EXERCISE BRIEF: Below are records; the lines starting at the one with "Happy Indian female" and ending at the one with "Ein Auto in" must be reproduced exactly, both included. Pictures must not appear.

DATA EXTRACTS:

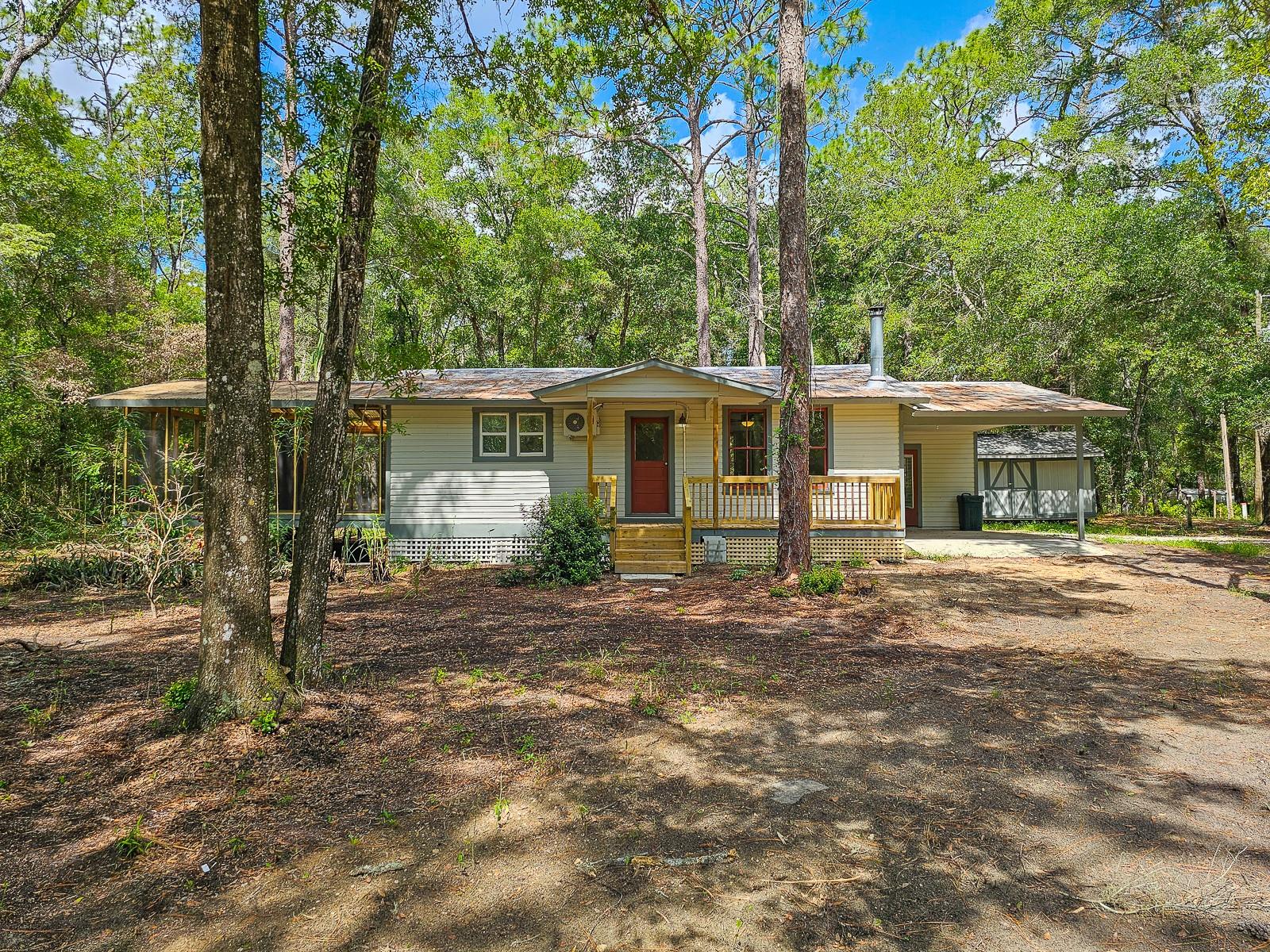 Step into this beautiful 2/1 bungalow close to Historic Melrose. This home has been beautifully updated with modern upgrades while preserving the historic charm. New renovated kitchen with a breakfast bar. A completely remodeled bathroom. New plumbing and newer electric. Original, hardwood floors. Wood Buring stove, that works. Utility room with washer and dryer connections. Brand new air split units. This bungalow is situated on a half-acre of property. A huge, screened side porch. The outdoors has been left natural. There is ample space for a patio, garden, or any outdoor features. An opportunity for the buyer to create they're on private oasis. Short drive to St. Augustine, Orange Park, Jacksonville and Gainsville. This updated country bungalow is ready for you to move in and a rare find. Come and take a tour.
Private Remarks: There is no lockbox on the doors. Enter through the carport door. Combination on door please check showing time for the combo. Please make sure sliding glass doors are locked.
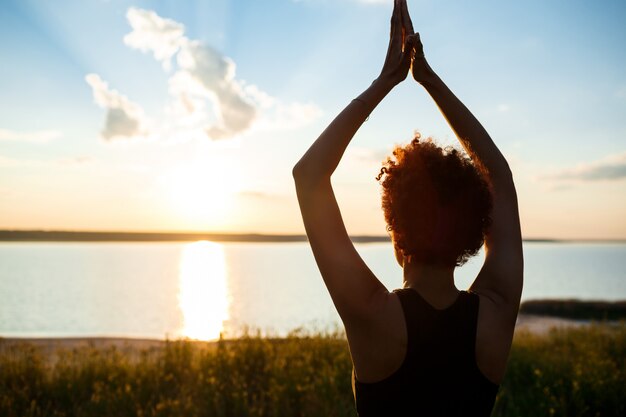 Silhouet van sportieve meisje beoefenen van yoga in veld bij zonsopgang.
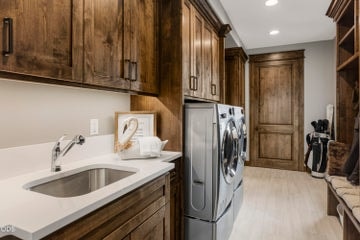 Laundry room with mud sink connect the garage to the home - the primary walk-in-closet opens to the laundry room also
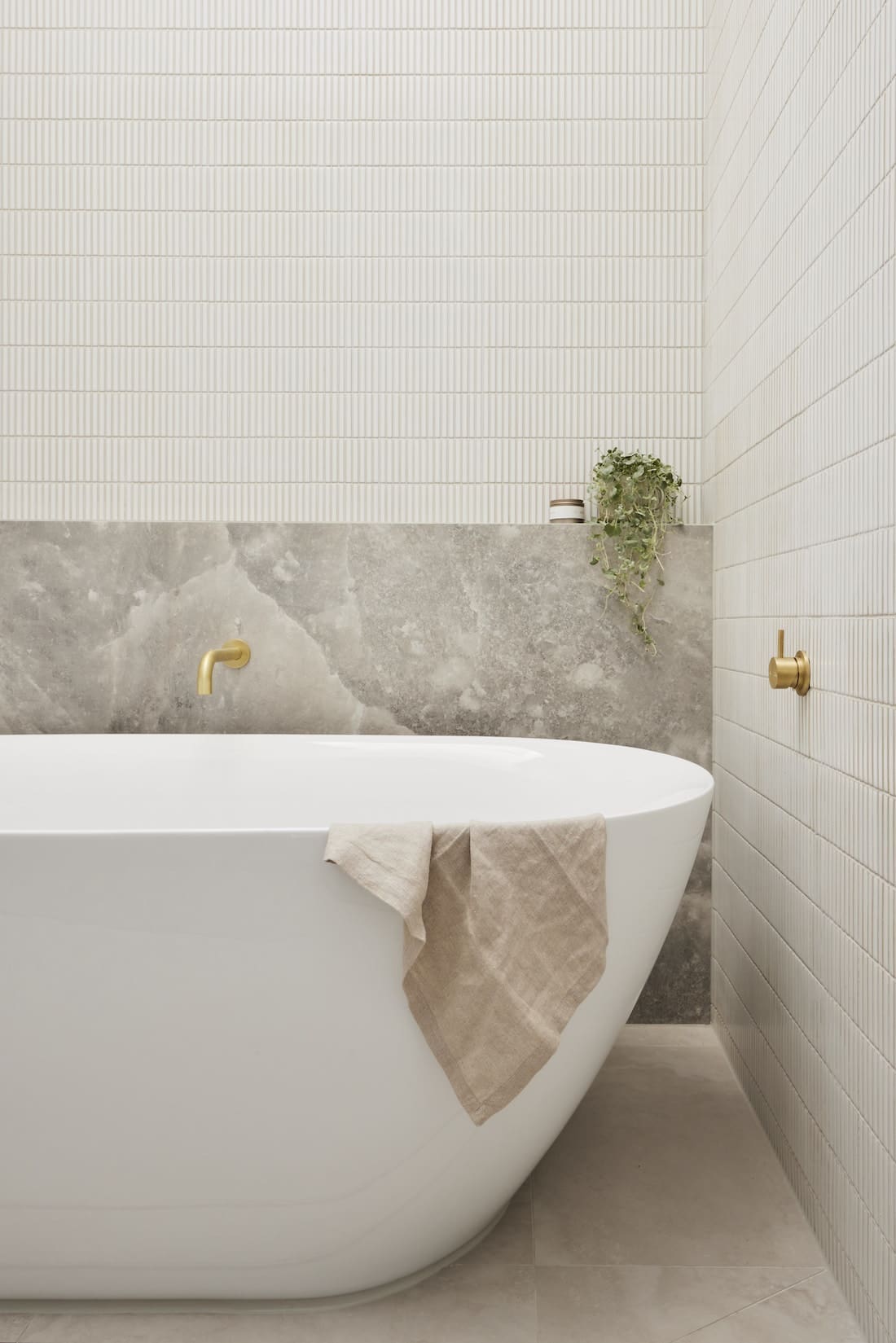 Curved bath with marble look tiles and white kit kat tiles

...

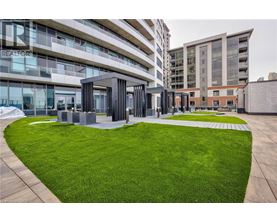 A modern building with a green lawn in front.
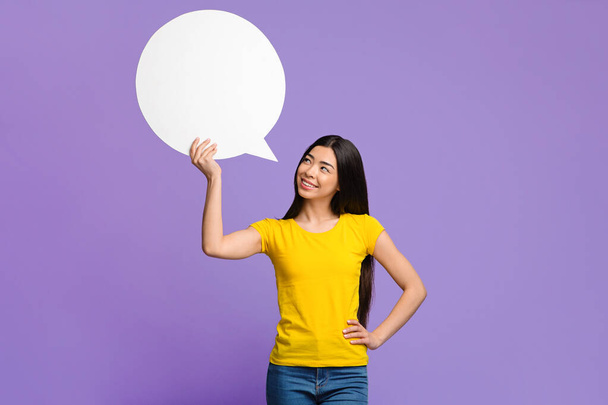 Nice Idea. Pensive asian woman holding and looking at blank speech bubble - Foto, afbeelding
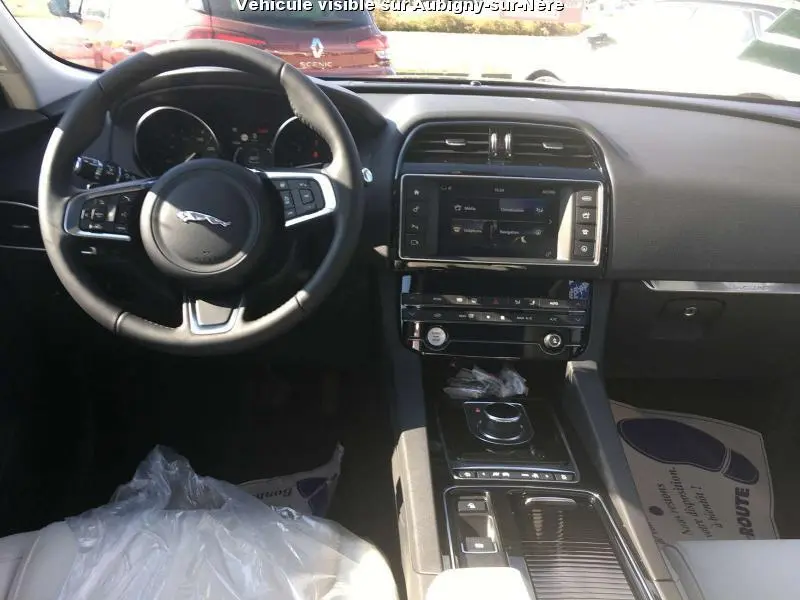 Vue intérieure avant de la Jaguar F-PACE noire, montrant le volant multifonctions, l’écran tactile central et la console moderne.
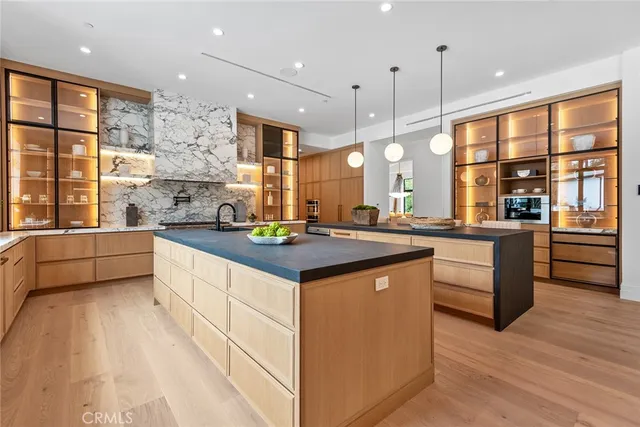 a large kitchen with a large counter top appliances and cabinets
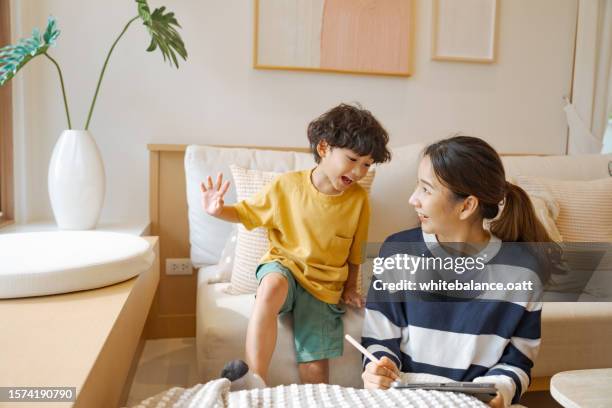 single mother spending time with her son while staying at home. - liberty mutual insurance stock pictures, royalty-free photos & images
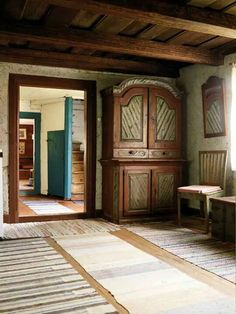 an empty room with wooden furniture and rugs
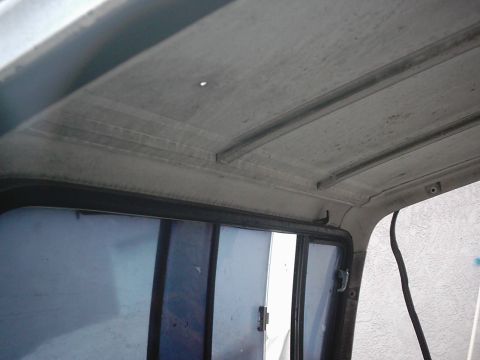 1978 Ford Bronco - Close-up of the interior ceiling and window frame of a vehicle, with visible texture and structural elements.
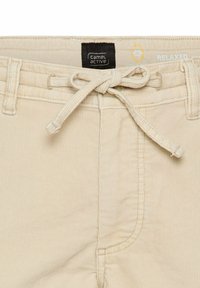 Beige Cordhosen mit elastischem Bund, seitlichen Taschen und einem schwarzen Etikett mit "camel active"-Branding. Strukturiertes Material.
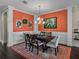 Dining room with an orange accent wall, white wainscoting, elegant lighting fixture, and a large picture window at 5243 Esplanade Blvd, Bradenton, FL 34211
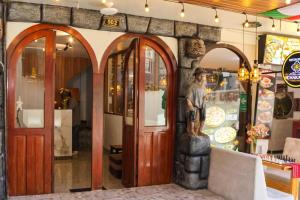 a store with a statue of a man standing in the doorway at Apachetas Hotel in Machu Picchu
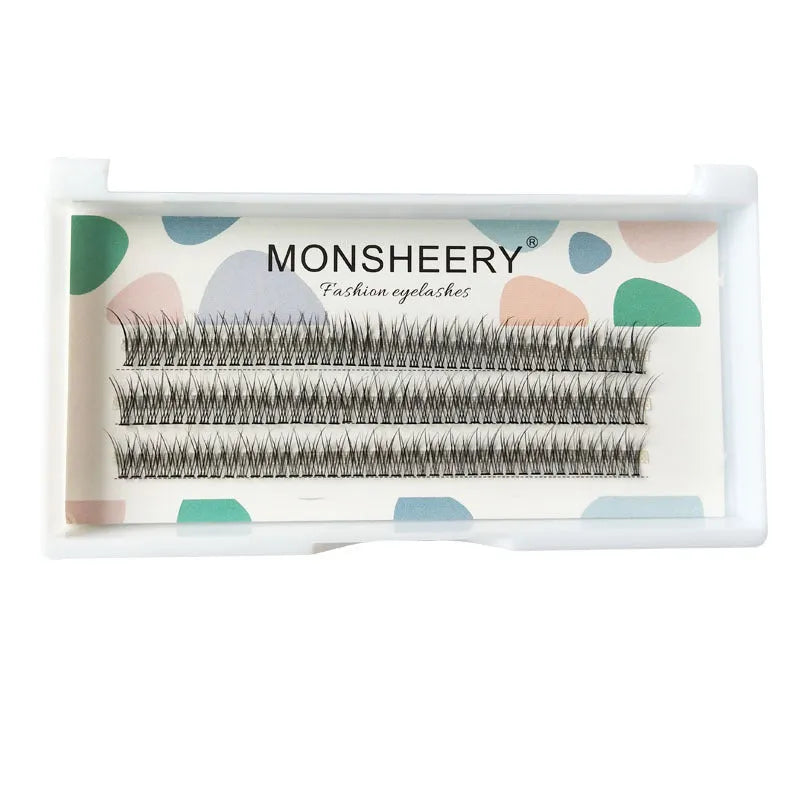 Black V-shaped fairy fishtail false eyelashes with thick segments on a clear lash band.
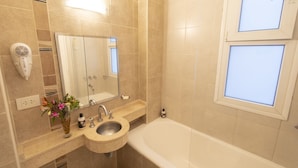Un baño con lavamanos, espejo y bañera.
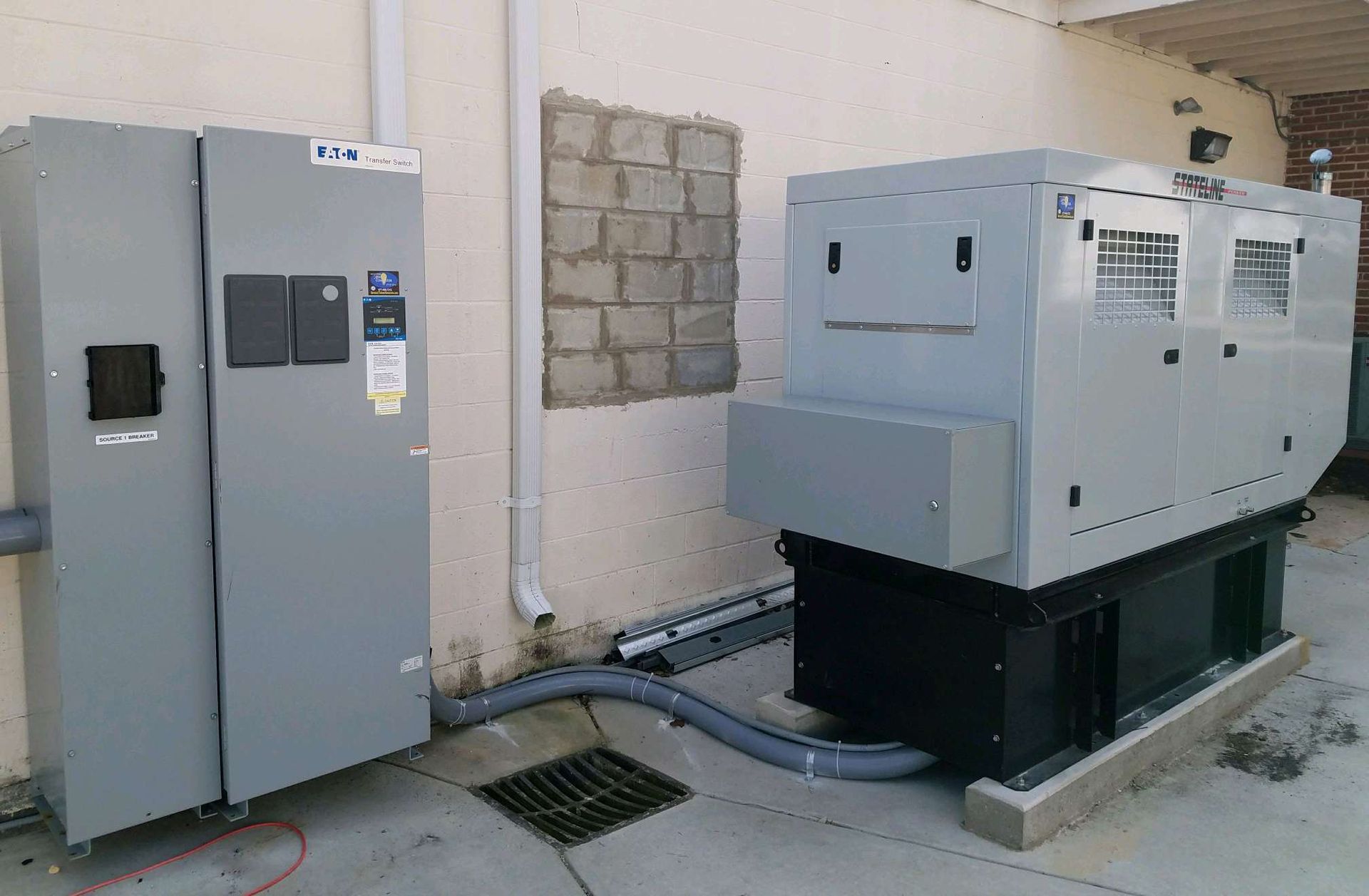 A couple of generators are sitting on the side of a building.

==

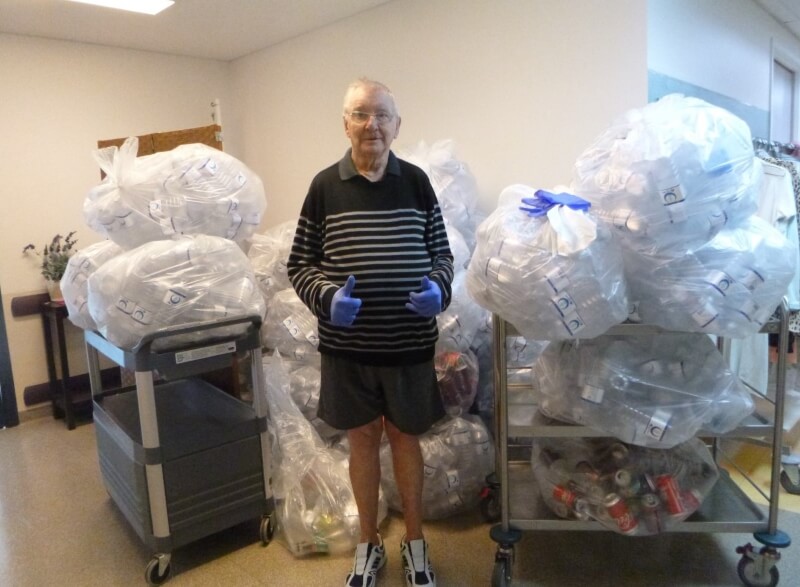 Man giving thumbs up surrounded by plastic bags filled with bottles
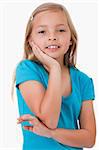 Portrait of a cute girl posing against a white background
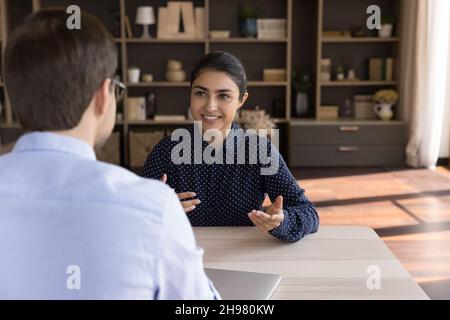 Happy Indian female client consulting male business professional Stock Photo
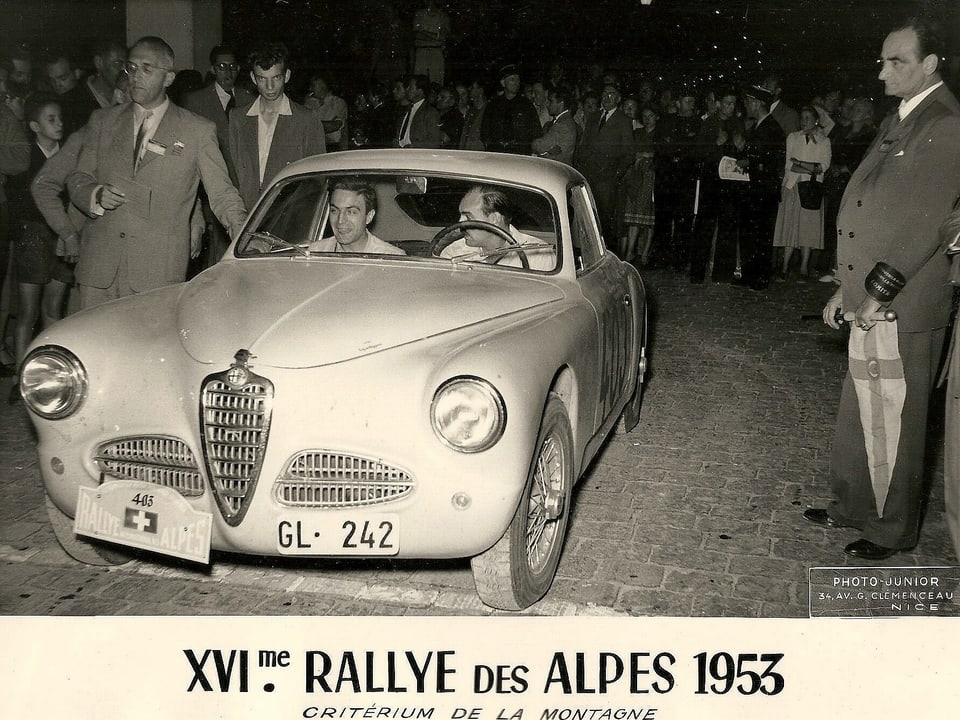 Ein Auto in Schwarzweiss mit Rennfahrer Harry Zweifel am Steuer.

ANSWER TO THE PROBLEM:
 Happy Indian female client consulting male business professional Stock Photo
 Ein Auto in Schwarzweiss mit Rennfahrer Harry Zweifel am Steuer.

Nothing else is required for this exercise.